Los dos hombres eran igual de ambiciosos, y cada uno tenía una esposa llamada Linda.

Esa primavera, Baker se estaba recuperando de un terrible accidente. Los frenos fallaron en su tractor y, después de rodar sin poder hacer nada por una colina, Baker había dañado su columna vertebral en un choque. Al enterarse de la desgracia de Baker, Jacobson llegó y se ofreció a sacarlo de la casa (examine más sobre estas cuestiones en la presente plataforma online de ciencias sociales y humanidades). Baker temía que nunca volviera a caminar, pero Jacobson era insistente. Ayudó a su amigo a subir al auto, y subieron a las montañas.
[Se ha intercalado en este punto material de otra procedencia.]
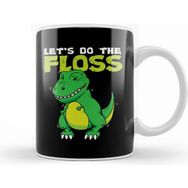 Baskı Dükkanı Let's Do The Floss Cute Dinosaur Flossing T Rex Kupa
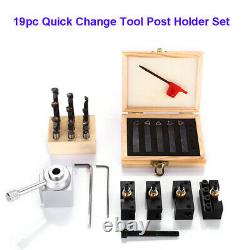 19pc Quick Change Tool Holder Set Mini Post Bar Boring Lathe Holder Turning CNC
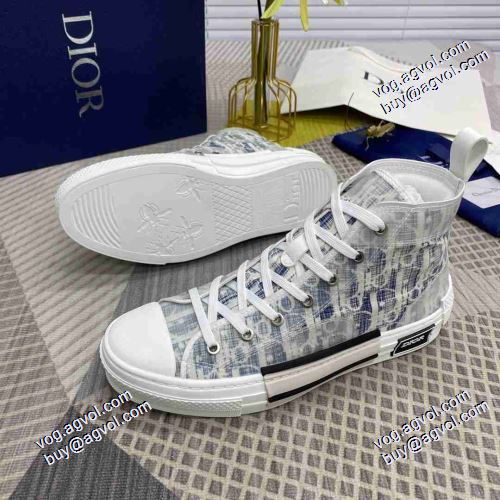 2021春夏 足馴染みのいい ディオール DIOR ハイトップシューズ フラットシューズ リゾートスタイル 極上シューズ ディオールブランドコピー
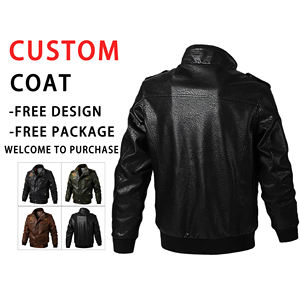 Veste de <span class=keywords><strong>moto</strong></span> tactique en cuir coupe-vent personnalisée à col montant longue en toile pour hommes pour le printemps et l'automne pour une utilisation confortable - Product Image 4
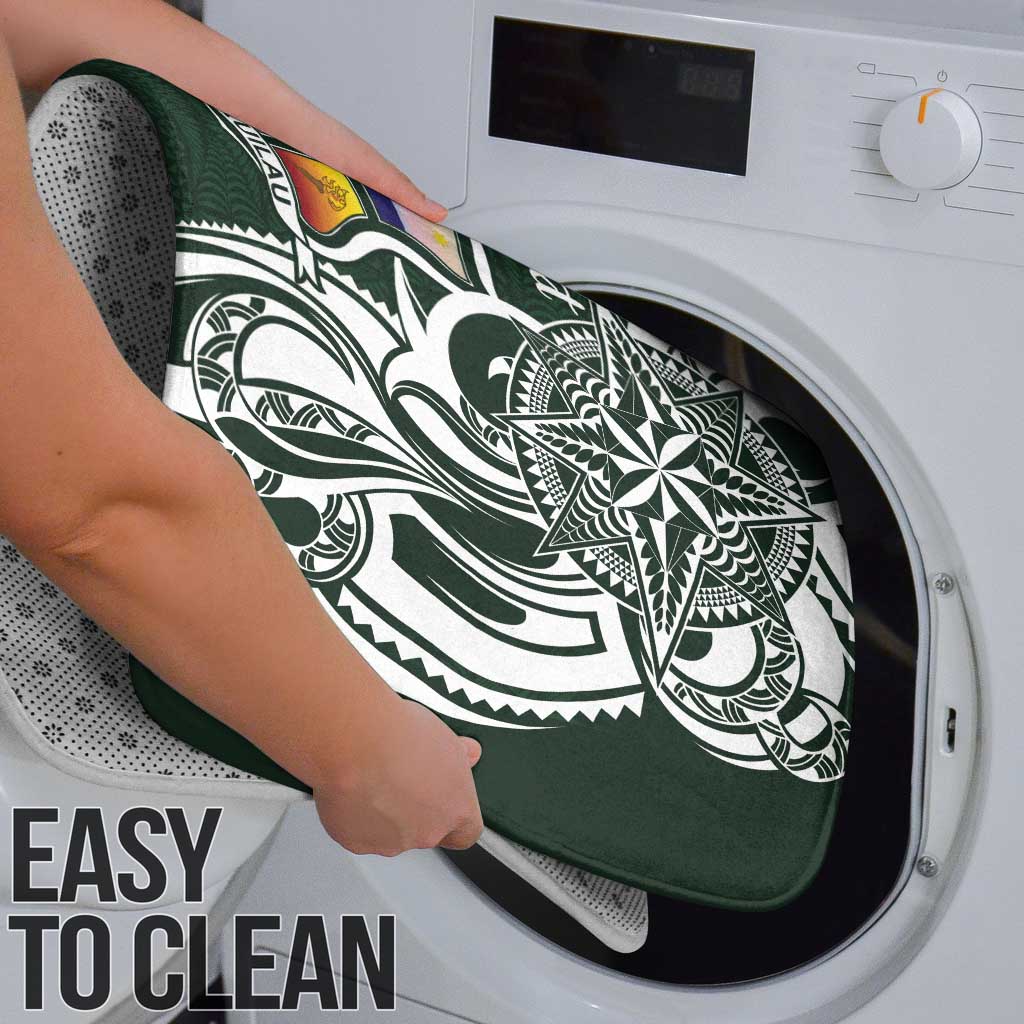 Personalised Tonga Takuilau College Bathroom Set Est 1975 Tongan Ngatu Pattern - Polynesian Pride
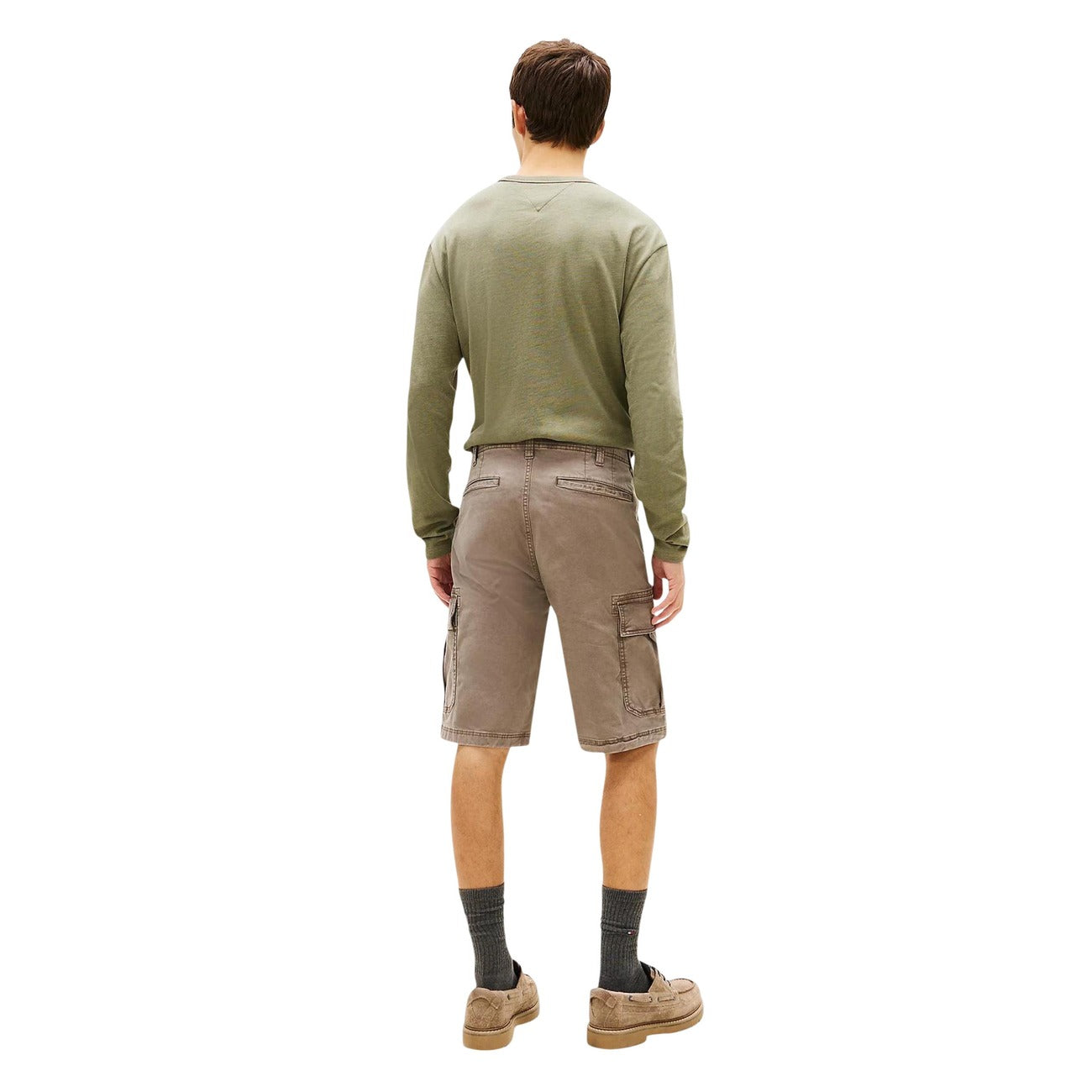 Tommy Hilfiger Jeans Bermuda in Cotone Uomo Beige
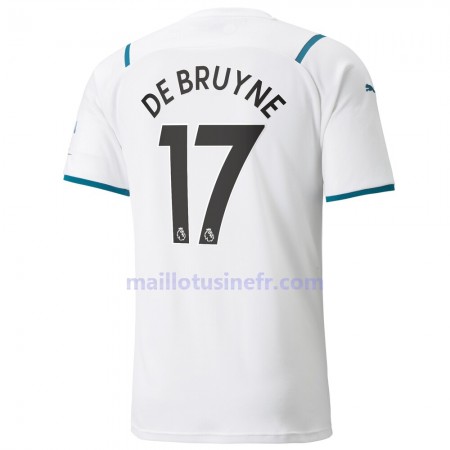 Maillot de Foot Manchester City Kevin De Bruyne 17 Extérieur 2021-22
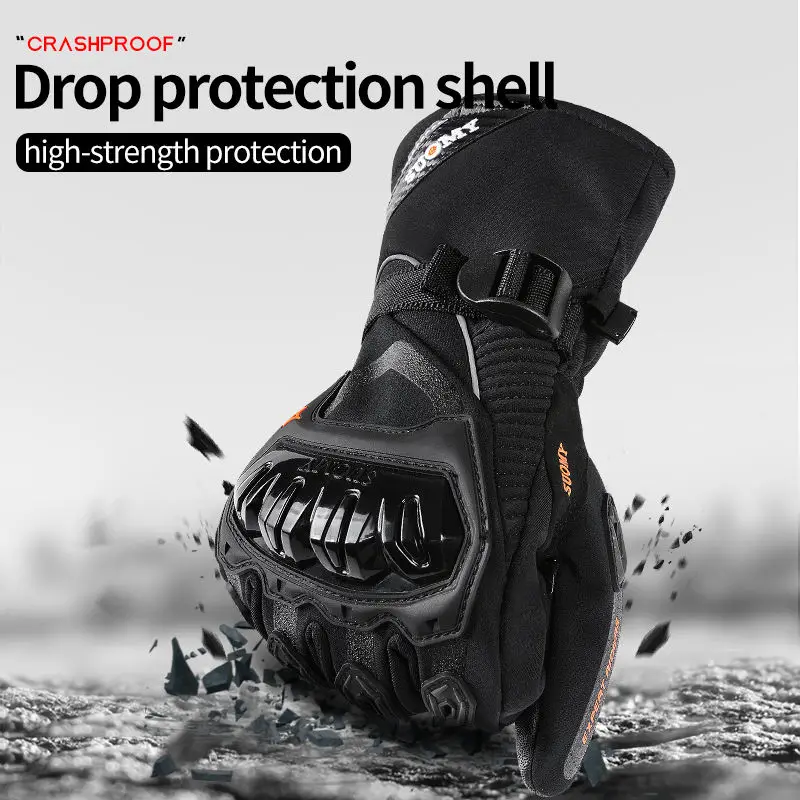 Wholesale Gloves Motorcycle For Winter Full Finger Waterproof Motorcycle Gloves Motorcycle Protection Touch Screen Gloves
Cuando Baker descubrió por primera vez que Jacobson controlaba la promoción de McDonald’s Monopoly, tenía sentimientos encontrados. “Bueno, en 1985 perdimos nuestro hogar”, explicó. “Nuestra familia tuvo cinco hijos, y… durante los últimos años, como familia, hemos estado persiguiendo estas piezas del juego para… tener una pequeña esperanza de ganar a uno de ellos”. Las compañías de Baker debían casi $ 30,000. impuestos atrasados, y los funcionarios de impuestos del condado habían comenzado a vender parcelas de su tierra en una subasta.

“Déjame darte una hipótesis”, dijo Jacobson de repente. “Si pudiera obtener una pieza del juego, ¿conoces a alguien en quien confíes que pueda cobrarlo?”

“¿Hablas en serio sobre esto?” Preguntó Baker.

Dijo que tendría que pensar en ello.Si, Pero: Pero Baker pronto se dio cuenta de que una ganancia inesperada aliviaría sus problemas financieros. Pronto, Jacobson le entregó una pieza de juego de $ 1 millón. Quien lo haya redimido, le ordenó, tendría que decir que lo sacaron de una bolsa marrón. Esta vez, Jacobson quería $ 100,000, el mayor soborno (véase qué es, su definición, o concepto jurídico, y su significado como “bribery” en derecho anglosajón, en inglés) que jamás había exigido. “Era un amigo”, recordó Jacobson. “Pensé que podía confiar en él”.

“George, no vas a creer esto”, susurró Baker, inclinándose sobre una mesa de Waffle House en Séneca, Carolina del Sur. “Pero estaba desayunando con un amigo mío y él sacó esta pieza ganadora del juego”. George Chandler, de 30 años, era el dueño de una exitosa compañía de inyección de plástico y el hijo adoptivo de Baker. Chandler era un adolescente cuando Baker se lo llevó. “Un día apareció en nuestra puerta con lágrimas en los ojos”, recordó Baker. “Su mamá acababa de tirar su ropa en el medio del patio porque ayudó a su hermana a ir a Georgia a casarse”.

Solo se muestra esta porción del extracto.